Frank sat brooding at the end of the bar. ‘Mel’s Drinks for Skinks’ has a dank and dusty mood to its dully lit atmosphere, and it’s just what the doctor ordered. With his back against the cold stoned chimney stack, Frank stared aimlessly at the ice melting into his bourbon. With an audible sigh, he thought about how he came to be ‘that sad old drunk, with his name symbolically etched into the solid black wood of the bar…’, the seat that no one else sat in. Frank, once upon a time, would laugh with his buddies about the ‘sad old drunk at the end of the bar’. He never once thought that he would become that man.

Franks Stool

Becoming angry at the world, Frank began to examine how it had royally screwed him, how it was everyone else’s fault that he had become the man no-body wanted to become. The din of voices and occasional laughter broke through the darkness seemingly mocking Frank. He hated them, he hated that their lives were full of happiness while his had crumbled around him, then he consoled himself with the thought that ‘one day, one day you bastards will be lining up for this stool, one day your lives will fall apart all around you too… and on that day, I will laugh at you…’ though Frank knew that he would not be around for that day, ‘to relish in the destruction of their youth, their lives’.

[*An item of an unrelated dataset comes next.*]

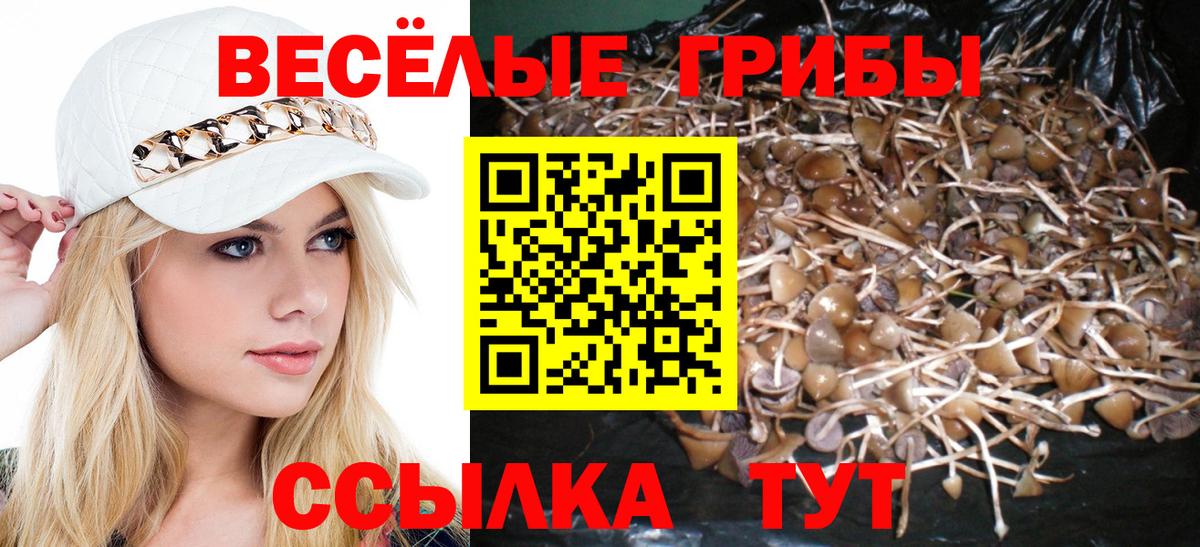 Углич  Псилоцибиновые грибы Cubensis  Вход с VPN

Then different voices began to pierced through the dark thoughts of Franks mind; the voice of his lawyer telling him that his wife had filed for divorce, that she was taking the children away from him, that she had had enough of his drinking, gambling and abuse, and the voice of his doctor that very afternoon, informing him that the lifestyle that had lost him his family, was now going to take his life. Frank hated everyone at this moment, the drink that diseased his liver was fast becoming a ‘Lazarus bar’ whiskey; watered down straight from the bottle, and his life was playing out in his mind. Even now, Frank blamed every-one other than himself, for his life… and death.